[Exercise data Boundary: Start]

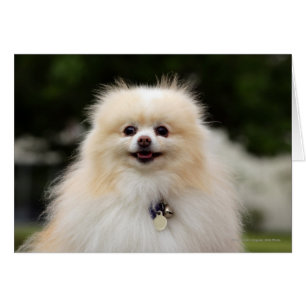 Headshot 1 de Pomeranian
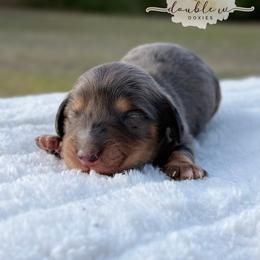 JETT - Dapple male Dachshund puppy in Alto, Texas from Double W Doxies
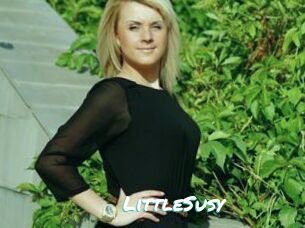 LittleSusy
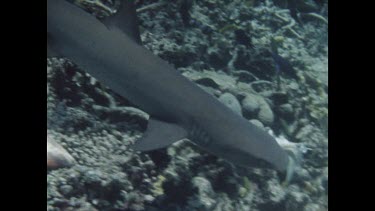 white tip shark swimming over coral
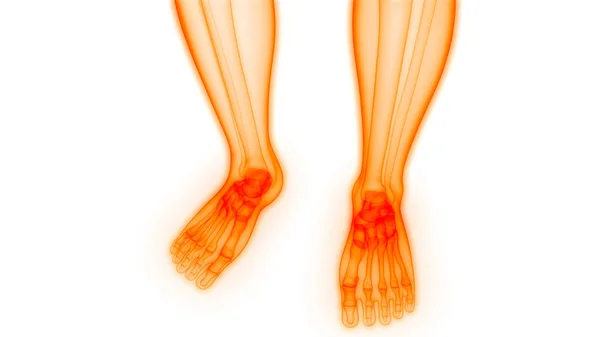 Human Body Bones Joint Pains Feet Joints Bones Illustration — Stock Photo, Image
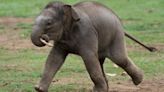 Baby Asian elephant named Thai word for Queen in honour of the late monarch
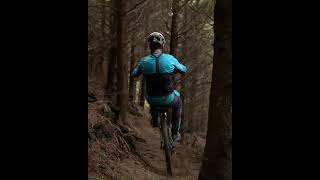Wanna learn how to wheelie?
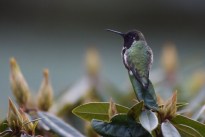 HummingBird2.
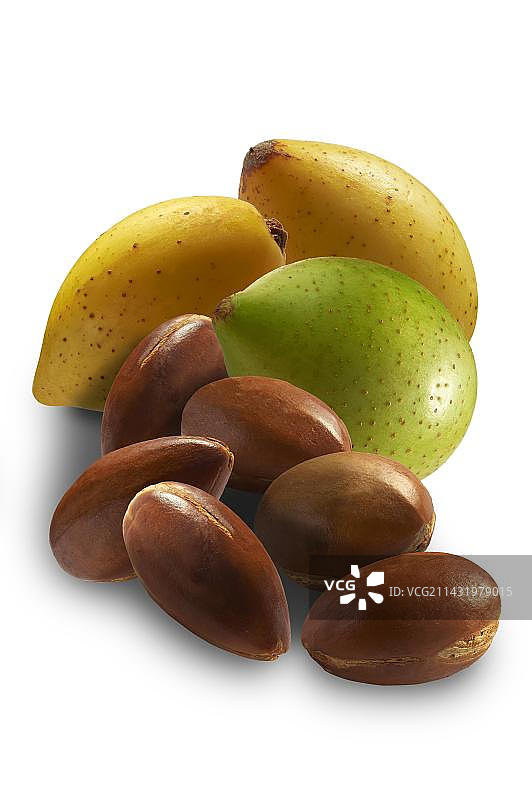 新鲜去皮和未去皮的摩洛哥坚果（Argania spinosa）图片素材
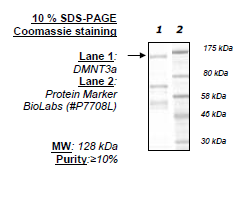 DNMT3a, GST-Tag Recombinant – Figure 1 of 1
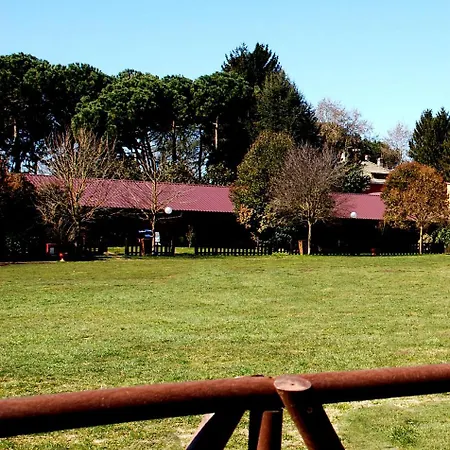 Azienda Agricola Armando Iacchelli-3
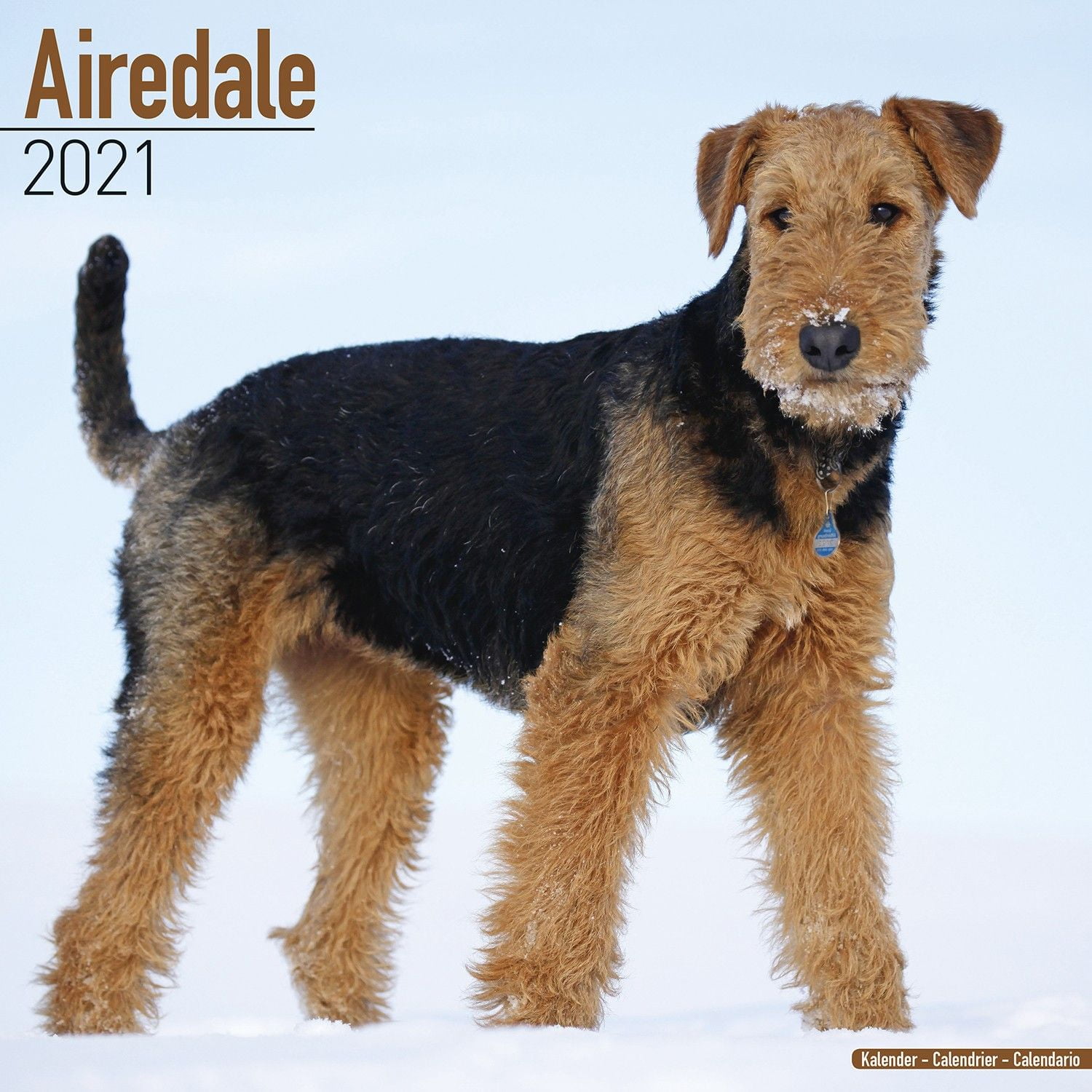 Airedale Calendar 2021 - Airedale Dog Breed Calendar - Airedales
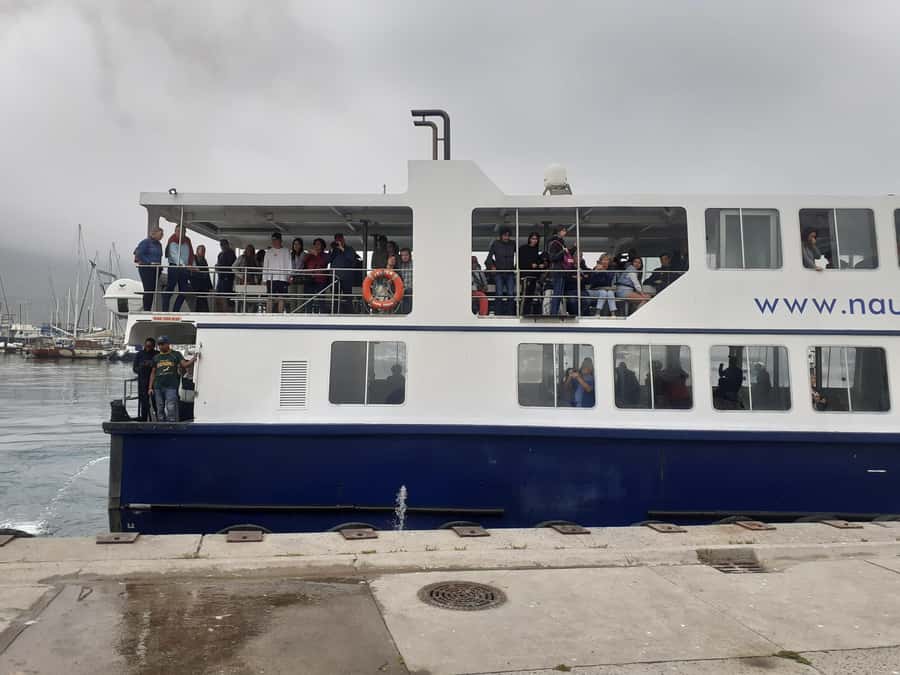 Cape Town: Cape of Good Hope, Penguins Instagram Group Tour - Hout Bay and the optional trip to Seal Island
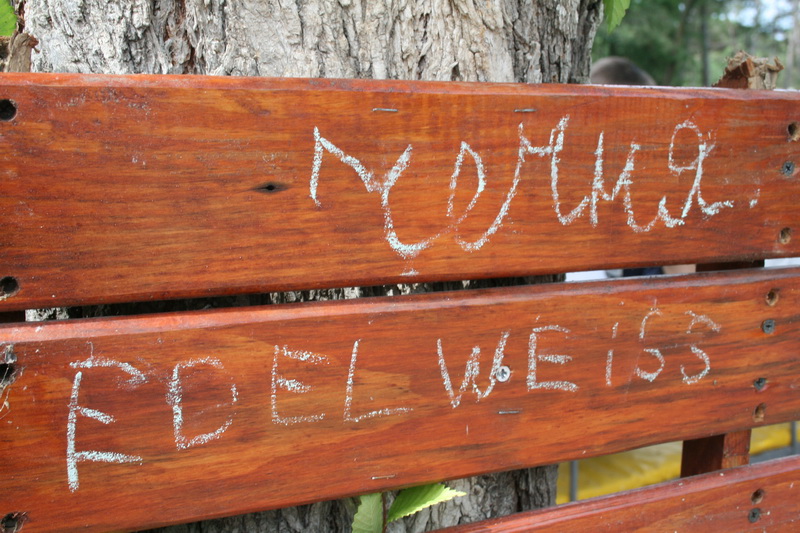 Дети из Чечни прибыли на отдых в Крым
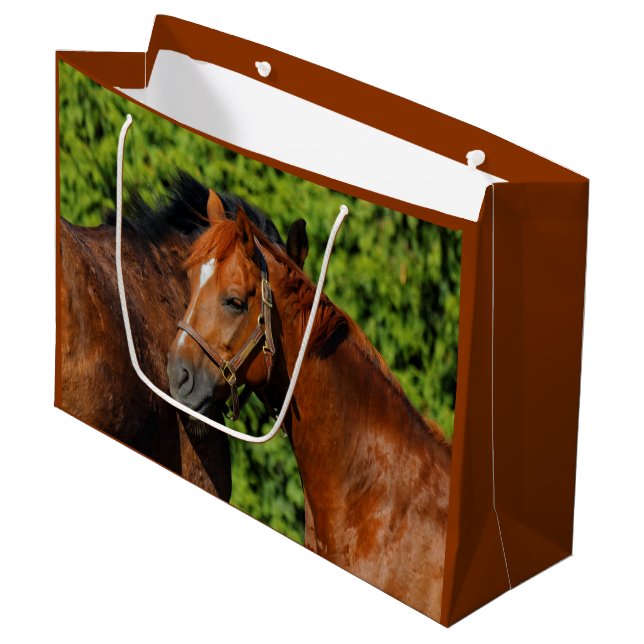 Grand Sac Cadeau Deux beaux chevaux de châtaignes au soleil (Devant Angle)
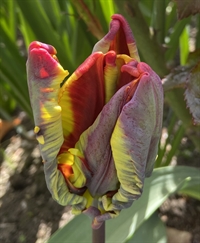 Tulipan Rasta Parrot 6 løg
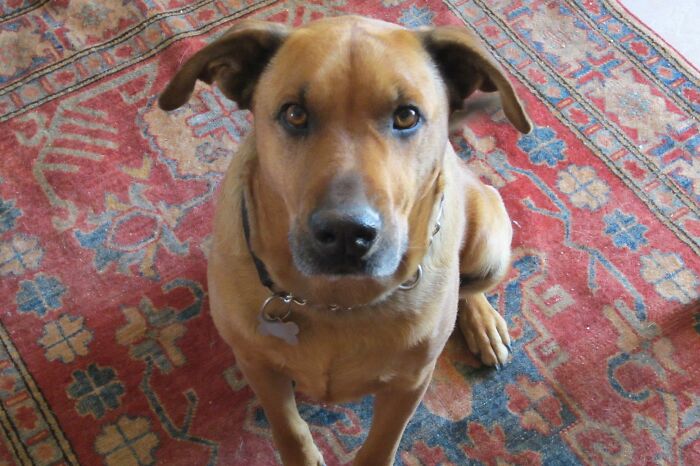 14 Heartwarming Instances Of Rescue Dogs Building Trust With Their Humans, Shared In This Online Thread 14 Heartwarming Instances Of Rescue Dogs Building Trust With Their Humans, Shared In This Online Thread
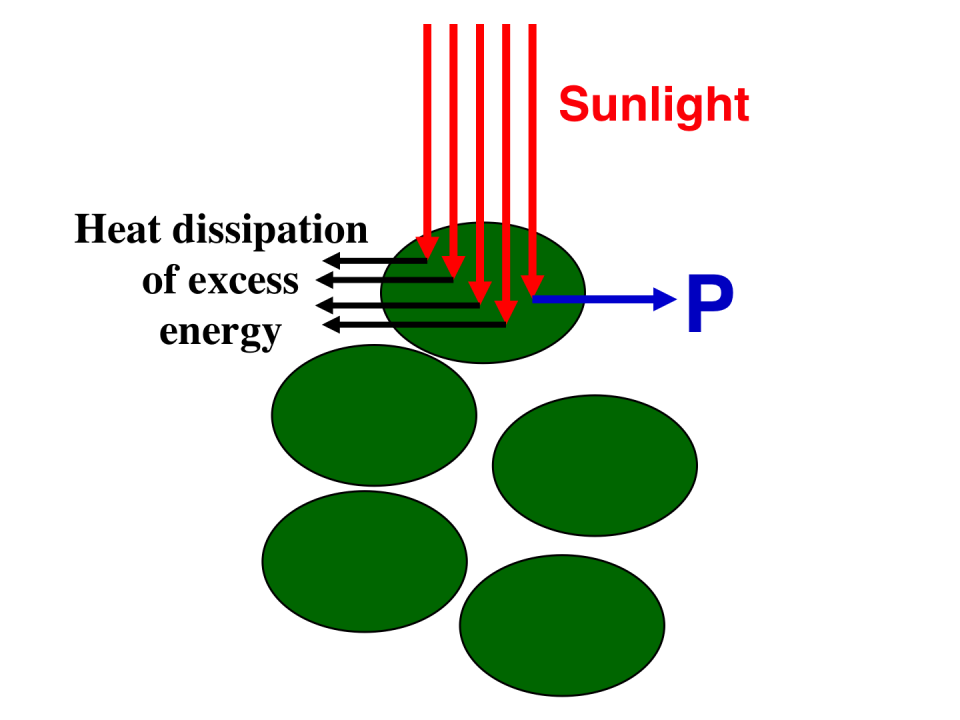 Schematic presentation of incident sunlight absorption and processing by fully pigmented (dark green) microalgae in a high-density culture.
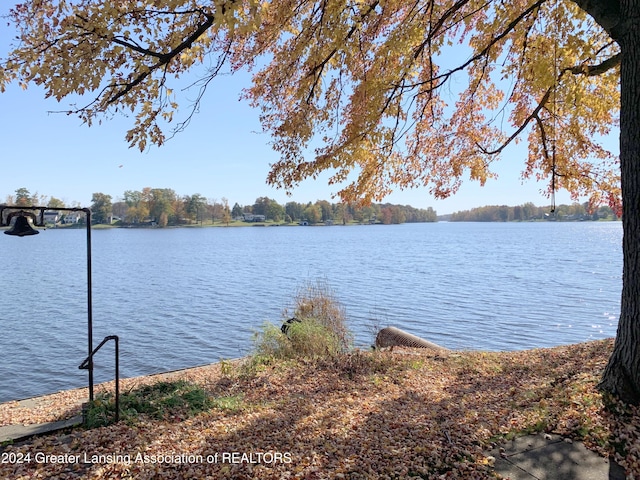 property view of water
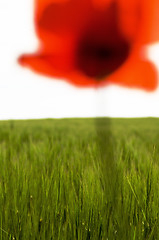 Image showing Poppy over green corn field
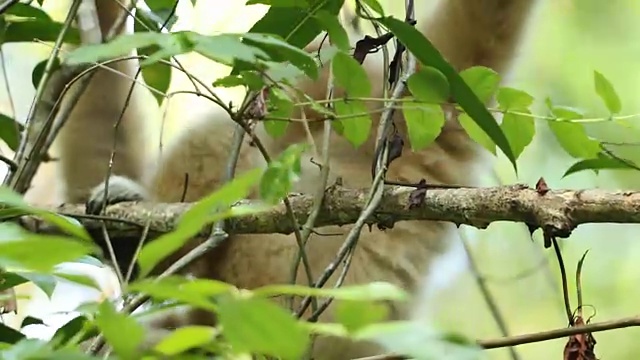 大自然中的白长臂猿视频素材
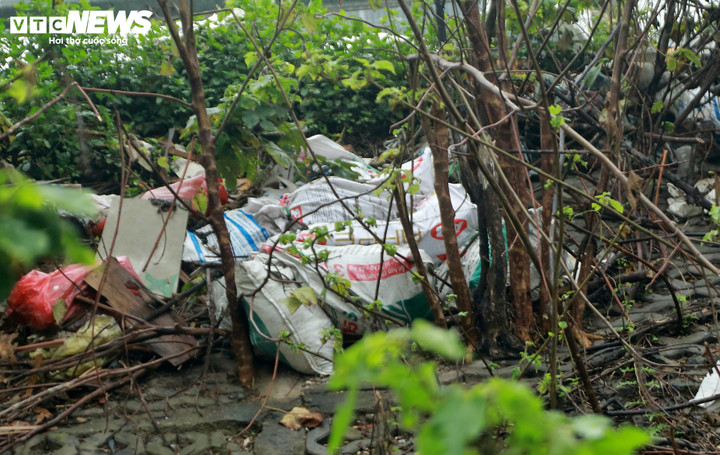 Mỗi ngày lượng rác vứt ra đây càng nhiều hơn. Đại diện UBND phường Nghĩa Đô cho biết đơn vị đã nắm được tình trạng trên.
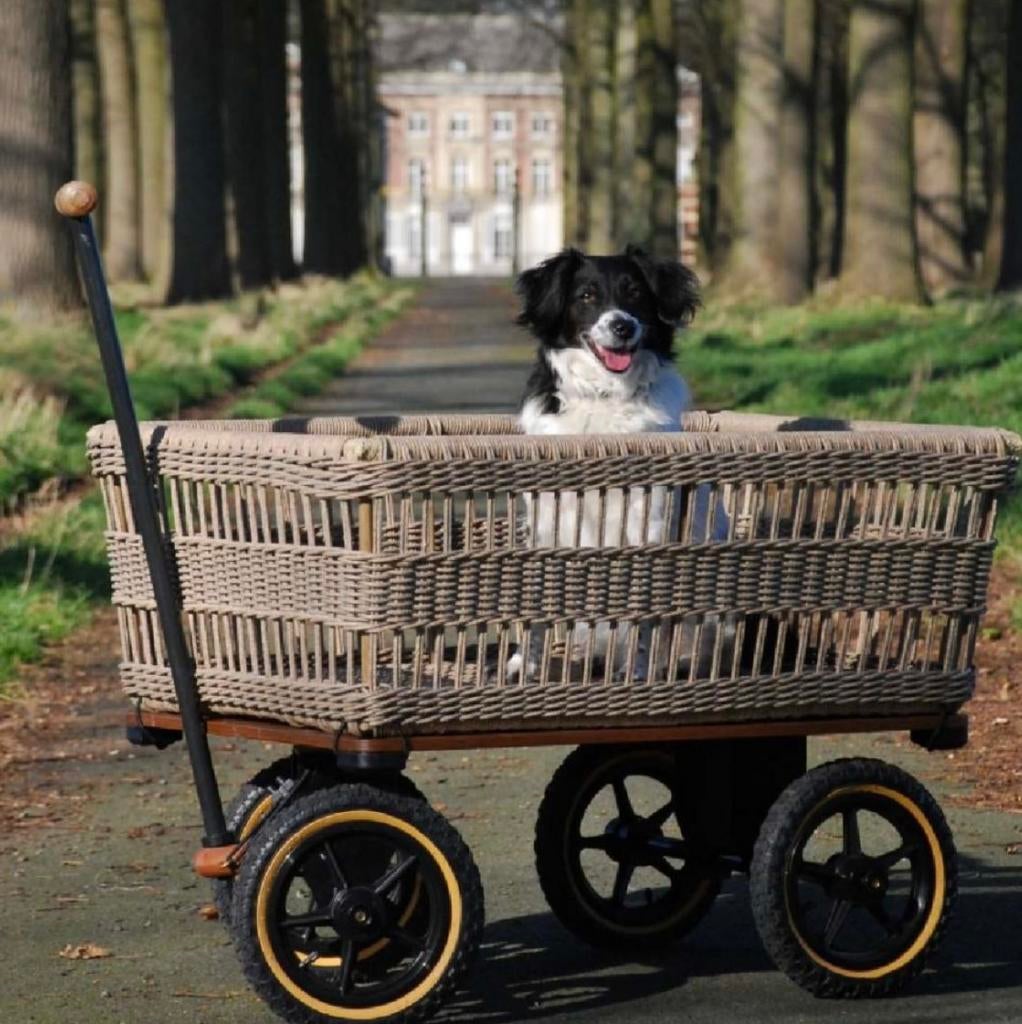 Houtkar / wagon / wagen / handkarren Trade-Winds als nieuwe, Tuin en Terras, Overige Tuin en Terras, Nieuw, Ophalen
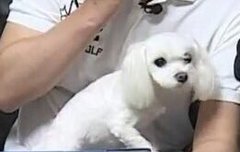 선호네는 강아지도 잘생김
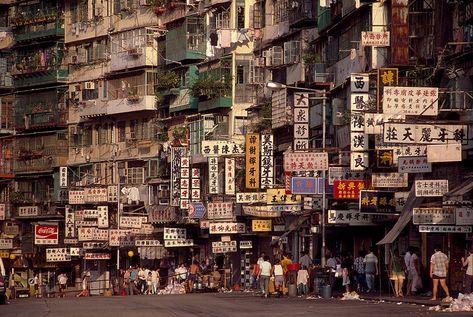 Photos: Kowloon Walled City, once the most crowded place on Earth - Business Insider Place Reference, Immortal Longings, Chloe Gong, Kowloon Walled City, Landscape Building, Town Building, City Block, Modern Architects, Walled City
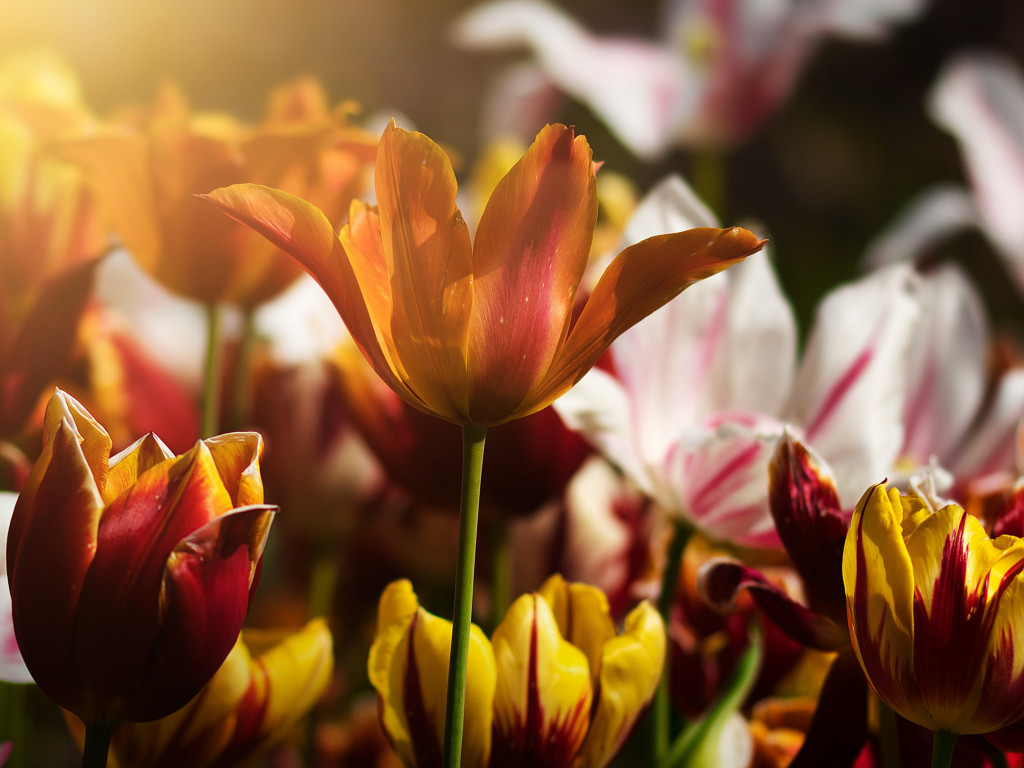 Gorgeous tulips wallpaper 1024x768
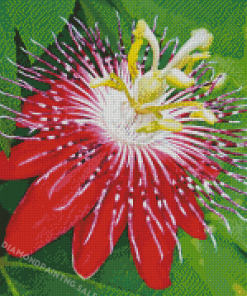 Red Passion Flower Diamond Painting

[Exercise data Boundary: End]

Aim of the task ->
The output is the lines from the start of the data above through the line containing "Azienda Agricola Armando Iacchelli-3", unchanged, with any picture left out.

Solution to this task ->
 Headshot 1 de Pomeranian
 JETT - Dapple male Dachshund puppy in Alto, Texas from Double W Doxies
 LittleSusy
 white tip shark swimming over coral
 Human Body Bones Joint Pains Feet Joints Bones Illustration — Stock Photo, Image
 Baby Asian elephant named Thai word for Queen in honour of the late monarch
Wanna learn how to wheelie?
 HummingBird2.
 新鲜去皮和未去皮的摩洛哥坚果（Argania spinosa）图片素材
 DNMT3a, GST-Tag Recombinant – Figure 1 of 1
 Azienda Agricola Armando Iacchelli-3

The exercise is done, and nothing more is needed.